Facepalm: If you decide to host an event based on a popular video game, there are at least two things it should be: fun and official. The Fortnite Live festival, which was held in the UK over the weekend, was neither of these, leading to Epic Games suing the company behind it.

Around 2800 people turned up to the event, held on the outskirts of Norwich, East Anglia, where they had to spend hours queuing to get in and collect their wrist bands. Entry cost £12 (around $15.50), while unlimited access wristbands were £20 (around $26).

Suspicions that the festival might not live up to expectations came when early-bird ticket holders were seen leaving at 10 AM.

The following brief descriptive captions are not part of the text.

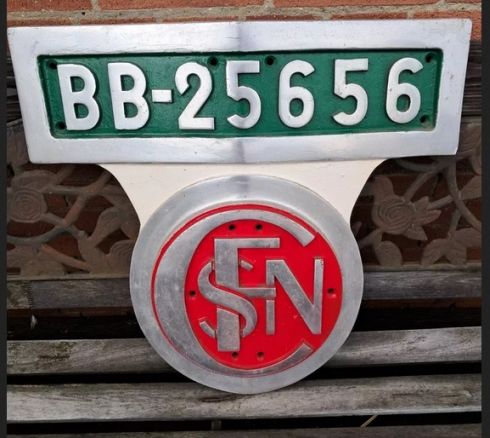 bb25656
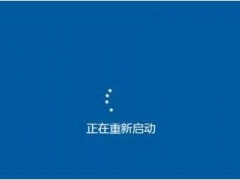 win7电脑蓝屏怎么办 win7电脑蓝屏解决方案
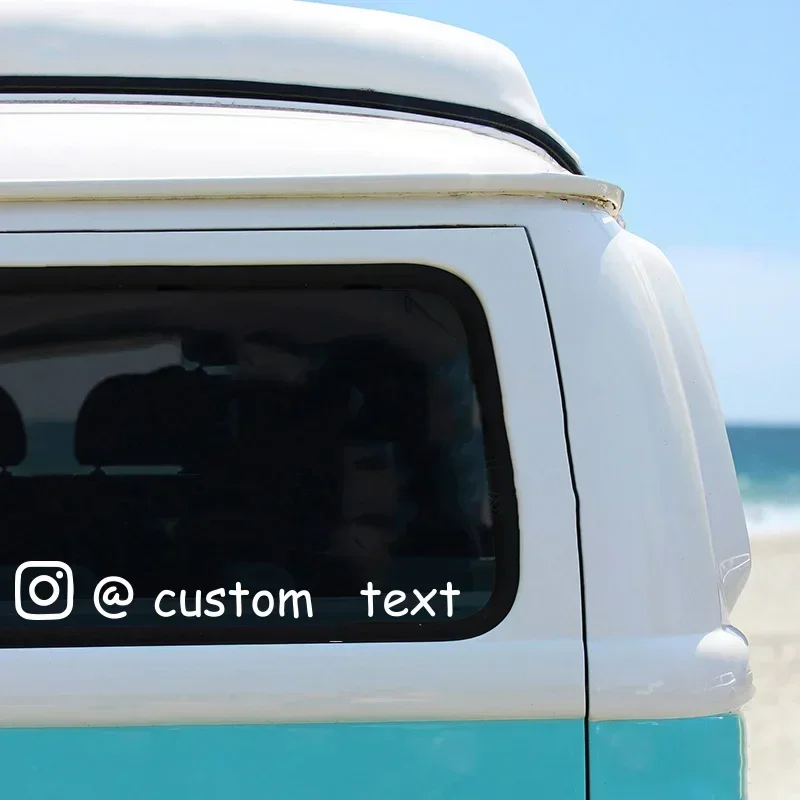 Nome do usuário personalizado  - Car Accessories Nz avaliação e preço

Despite knowing thousands of kids would be turning up, the organizers hired a climbing wall that could fit just three people at a time. There was also a total of four go-karts and archery for four people.

What brought the most ire from parents was probably attractions like the 'cave experience.' It turned out to be a tunnel running through a small trailer with a slide, which sounds like something from a Simpsons episode. These activities weren't covered in the original ticket price and were only available to those who paid extra or had wristbands---those without one got to enjoy the likes of basketball shooting and a flossing dance competition. There was an indoor arena where attendees could play Fortnite, but that also cost extra and involved an hour-long queue.

Not surprisingly, the line for refunds was so long that it took an hour to get through. Shaun Lord, the owner of organizer Exciting Events, blamed the queues on eight of his 19 staff not turning up on Saturday.

Despite everything, Exciting Events said it would be bringing the event back next year, and two more events in other locations were planned. But Epic Games wasn't happy about the situation.

"The quality of our player experience is incredibly important to us, whether it's inside the game or at official public events like last year's Fortnite Pro-Am. Epic Games was not in any way associated with the event that took place in Norwich and we've issued a claim against the organisers in the high court of London," said the gaming giant.

In an email to customers seen by Eurogamer, Lord said: "These proceedings by Epic Games has had a catastrophic impact on the company's ability to trade, which has forced Exciting Events Limited to cease all trading activities immediately."

Customers waiting for refunds from the Fortnite Live event will be placed on the creditor list, along with ticket holders for the canceled events.

This isn't the first gaming event to go wrong. In April last year, Niantic reached a $1.5 million settlement for its Pokémon Go festival, which also suffered a multitude of problems.